- **What is required**: If a picture appears, leave it out, and reproduce exactly the lines from the start of the listing below through the one bearing "Картридж струйный Cactus".

-- Data segment follows --

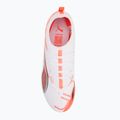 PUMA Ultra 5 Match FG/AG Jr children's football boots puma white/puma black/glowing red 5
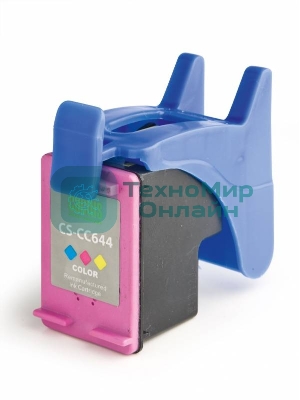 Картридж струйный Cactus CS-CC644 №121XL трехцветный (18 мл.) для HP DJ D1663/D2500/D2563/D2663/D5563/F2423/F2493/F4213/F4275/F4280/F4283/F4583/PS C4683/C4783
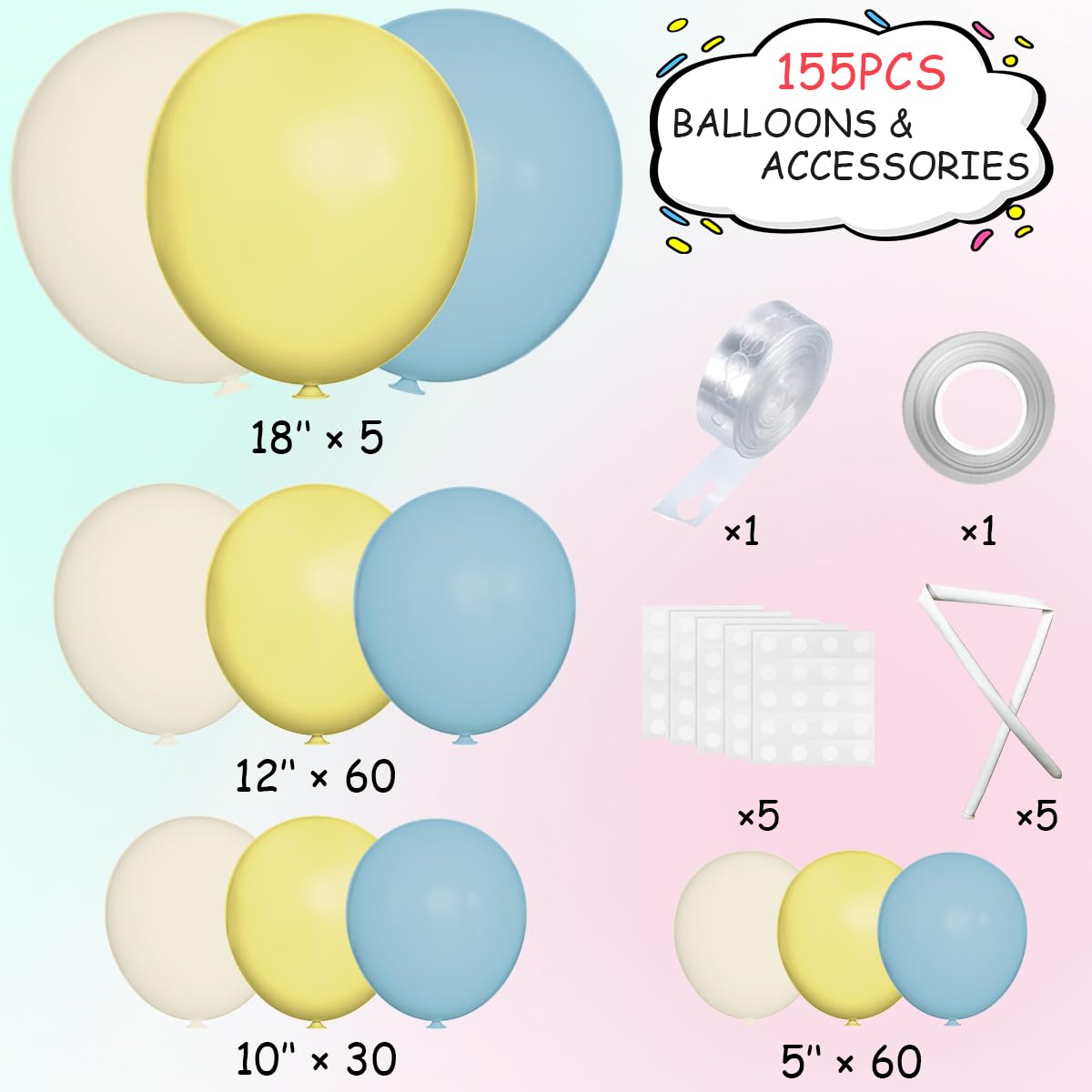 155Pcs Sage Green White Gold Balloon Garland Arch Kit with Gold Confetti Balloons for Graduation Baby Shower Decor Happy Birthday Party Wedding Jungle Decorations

-- Data segment concluded --

- **Written response**:
 PUMA Ultra 5 Match FG/AG Jr children's football boots puma white/puma black/glowing red 5
 Картридж струйный Cactus CS-CC644 №121XL трехцветный (18 мл.) для HP DJ D1663/D2500/D2563/D2663/D5563/F2423/F2493/F4213/F4275/F4280/F4283/F4583/PS C4683/C4783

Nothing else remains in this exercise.